— RECORDS SHOWN —
------------------------------------

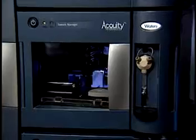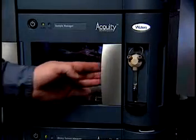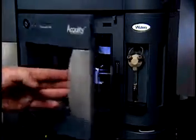Before performing any chromatography, you must verify that the XYZ mechanism positions the needle properly in the sample chamber. To begin, open the sample manager door.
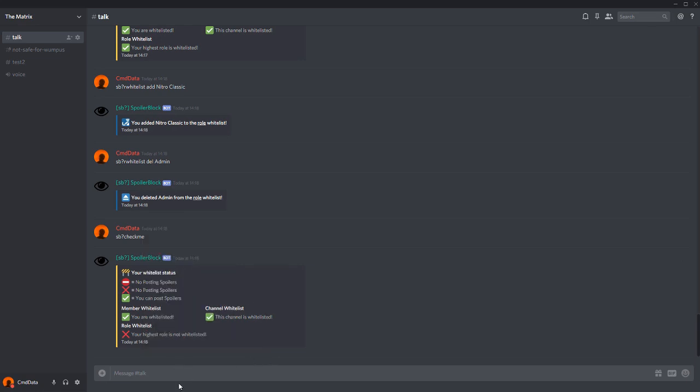So that is the very basics of Spoilerblock. If you need any help, go to the support server and we'll be glad to help you. Thank you very much for watching.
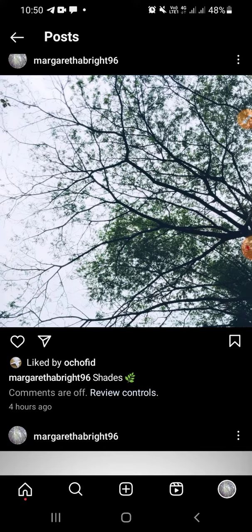Okay guys, that's how we can turn off the comment on our Instagram post. I hope this video will help you, and thanks for watching. See you in the next video, bye!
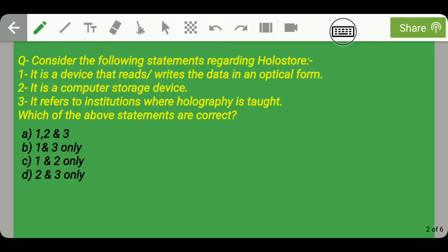Based on this latest storage device, a question was asked in IES 2017. The question says: consider the following statements regarding holo store. Statement 1 is that it is a device that reads and writes data in an optical form. Statement 2 is that it is a computer storage device. Statement 3 is that it refers to institutions where holographic is taught. As we have studied, holo store uses laser beams to store computer-generated data, just like other optical storage devices, so statement 1 — that it reads and writes data in an optical form — is correct.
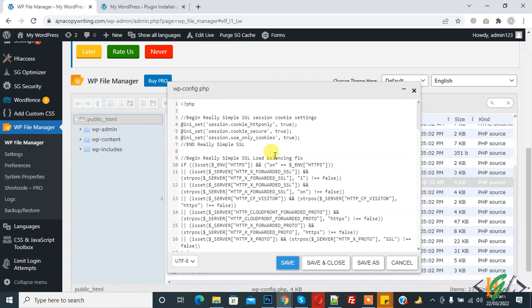So in this way you can access wp-config file from WordPress dashboard without using FTP access. I hope you like this video. Please like, comment, share, subscribe. Thank you for watching.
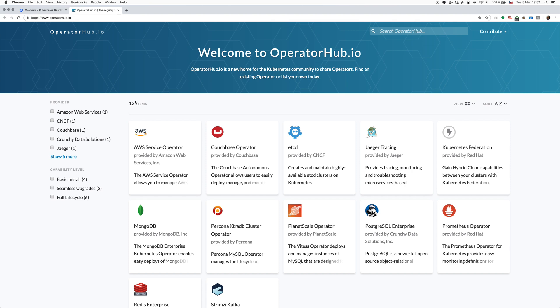So there's a lot of interesting operators to check out. And it makes the installation and management of operators on Kubernetes really easy. That's it. Thanks for watching.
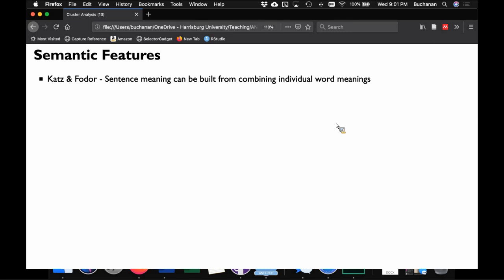When people are reading an ad, a product description, a health guide, or a FAQ, how do we know they're interpreting it the way we mean it? Some older work says that if we know each individual word's meaning, we can build up the meaning of the document from each word. But that doesn't work well for slang or idioms — where individual words have one meaning, but together they mean something else entirely.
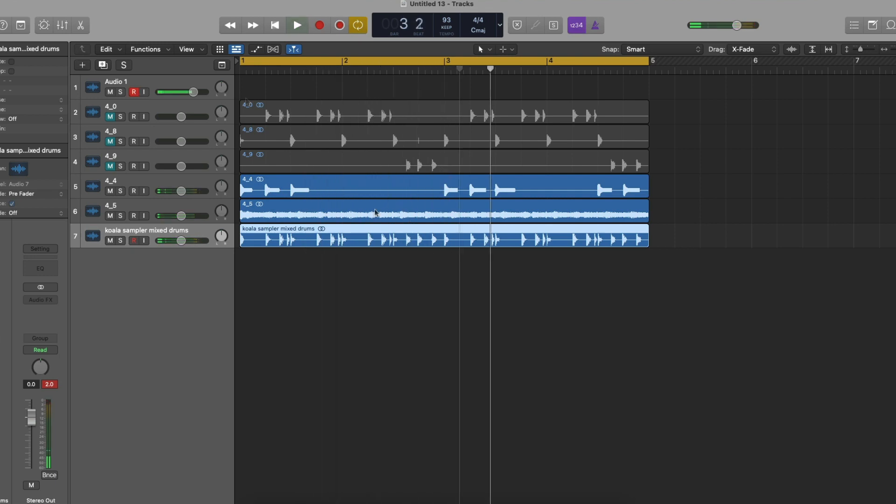So there you have it. Just all you have to do is mix it, arrange it however you want to. And that's a simple way to separate your stems and arrange from your Koala Sampler into your DAW of choice.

------------------------------------

— WHAT YOU NEED TO DO —
Copy the whole of the material above exactly, but not its images.

— EXERCISE RESPONSE —
Before performing any chromatography, you must verify that the XYZ mechanism positions the needle properly in the sample chamber. To begin, open the sample manager door.
So that is the very basics of Spoilerblock. If you need any help, go to the support server and we'll be glad to help you. Thank you very much for watching.
Okay guys, that's how we can turn off the comment on our Instagram post. I hope this video will help you, and thanks for watching. See you in the next video, bye!
Based on this latest storage device, a question was asked in IES 2017. The question says: consider the following statements regarding holo store. Statement 1 is that it is a device that reads and writes data in an optical form. Statement 2 is that it is a computer storage device. Statement 3 is that it refers to institutions where holographic is taught. As we have studied, holo store uses laser beams to store computer-generated data, just like other optical storage devices, so statement 1 — that it reads and writes data in an optical form — is correct.
So in this way you can access wp-config file from WordPress dashboard without using FTP access. I hope you like this video. Please like, comment, share, subscribe. Thank you for watching.
So there's a lot of interesting operators to check out. And it makes the installation and management of operators on Kubernetes really easy. That's it. Thanks for watching.
When people are reading an ad, a product description, a health guide, or a FAQ, how do we know they're interpreting it the way we mean it? Some older work says that if we know each individual word's meaning, we can build up the meaning of the document from each word. But that doesn't work well for slang or idioms — where individual words have one meaning, but together they mean something else entirely.
So there you have it. Just all you have to do is mix it, arrange it however you want to. And that's a simple way to separate your stems and arrange from your Koala Sampler into your DAW of choice.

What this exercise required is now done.